In particolare, il commento, consultabile da qualunque utente del social network, si riferiva all’articolo “I Verdi: a favore del mantenimento di un reddito minimo per i rifugiati”, pubblicato dalla rivista austriaca online “oe24.at”.

Dopo un’infruttuosa richiesta a Facebook, la deputata aveva ottenuto un’ordinanza cautelare dal giudice austriaco, in conseguenza della quale Facebook aveva disabilitato l’accesso al commento in Austria. Successivamente, la stessa ha chiesto alla Corte Suprema austriaca che il commento fosse rimosso a livello globale. La corte, ritenuto che le affermazioni in questione fossero dirette a ledere la reputazione della Glawischnig-Piesczek, a ingiuriarla e diffamarla, ha effettuato un rinvio pregiudiziale alle Corte di Giustizia UE chiedendo l’interpretazione autentica della direttiva 2000/31 sul commercio elettronico. In particolare, il giudice austriaco ha chiesto alla corte se un’ingiunzione possa essere estesa, a livello mondiale, ad affermazioni con formulazione identica e/o aventi un contenuto equivalente di cui Facebook non sia a conoscenza.

L’Avvocato Generale Szpunar si è espresso nei seguenti termini: in primo luogo, la direttiva non impedisce che un hosting provider che gestisce un social network, quale Facebook, sia costretto mediante un’ingiunzione a cercare ed identificare, tra tutte le informazioni diffuse dagli user, le informazioni identiche a quella qualificata come illecita dal giudice che ha emesso il provvedimento.
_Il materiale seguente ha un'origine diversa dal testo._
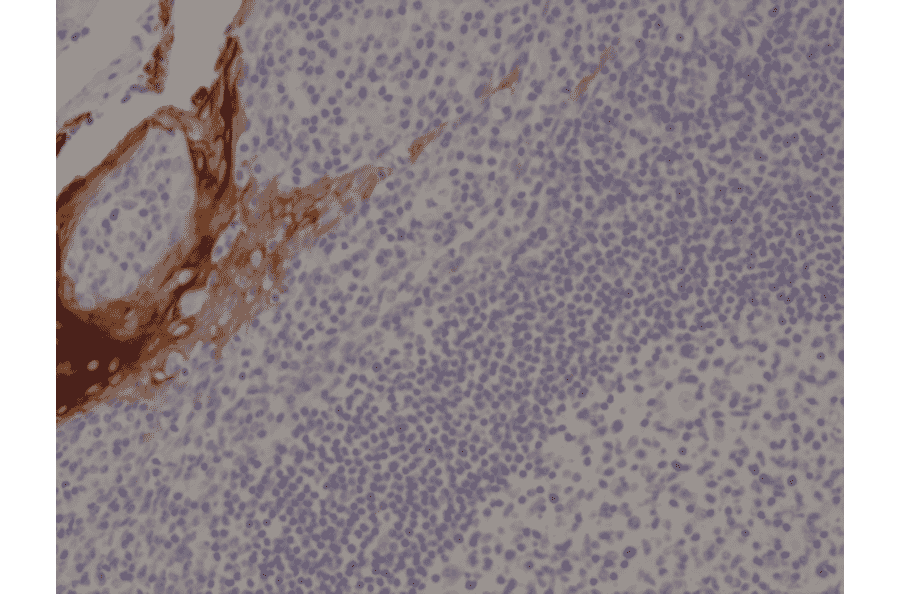 Immunohistochemistry - Anti-Cytokeratin 4 Antibody [RM355] (A121480) - Antibodies.com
Quanto, invece, alle informazioni di contenuto equivalente, l’host può essere costretto a cercarle ed identificarle, ma solo tra quelle dello stesso utente che ha diffuso l’informazione illecita.

L’Avvocato Generale ha affermato che tale soluzione è frutto di un bilanciamento dei diritti fondamentali in gioco: da una parte cercare e identificare tali informazioni richiederebbe soluzioni costose, dall’altra l’attuazione di tali misure porterebbe ad una censura, incompatibile con la libertà di espressione ed informazione.

Quanto alla portata territoriale dell’obbligo di rimuovere l’informazione diffusa attraverso il social network, l’Avvocato ha sostenuto che, siccome la direttiva rilevante non regola tale aspetto, non osta a che l’hosting provider sia costretto a rimuovere l’informazione worldwide. Secondo l’opinione in parola, la questione degli effetti extraterritoriali di un’ingiunzione e la questione della portata territoriale dell’obbligo dovrebbero essere analizzate alla luce del diritto internazionale privato e pubblico.

Con l’ultima questione sollevata, il giudice del rinvio ha chiesto se l’articolo 15 – assenza dell’obbligo generale di sorveglianza – della direttiva 2000/31 osti a che ad un hosting provider venga rivolta un’ingiunzione che lo obblighi a rimuovere dalla sua piattaforma informazioni equivalenti a quella dichiarata illecita nel corso di un procedimento giudiziario, dopo che lo stesso sia venuto a conoscenza di tali informazioni. L’opinione dell’Avvocato Generale conclude che una siffatta ingiunzione risulta conforme al diritto europeo “qualora un obbligo di rimozione non implichi una sorveglianza generale delle informazioni memorizzate e discenda da una conoscenza risultante dalla notifica effettuata dalla persona interessata, dai terzi o da un’altra fonte”.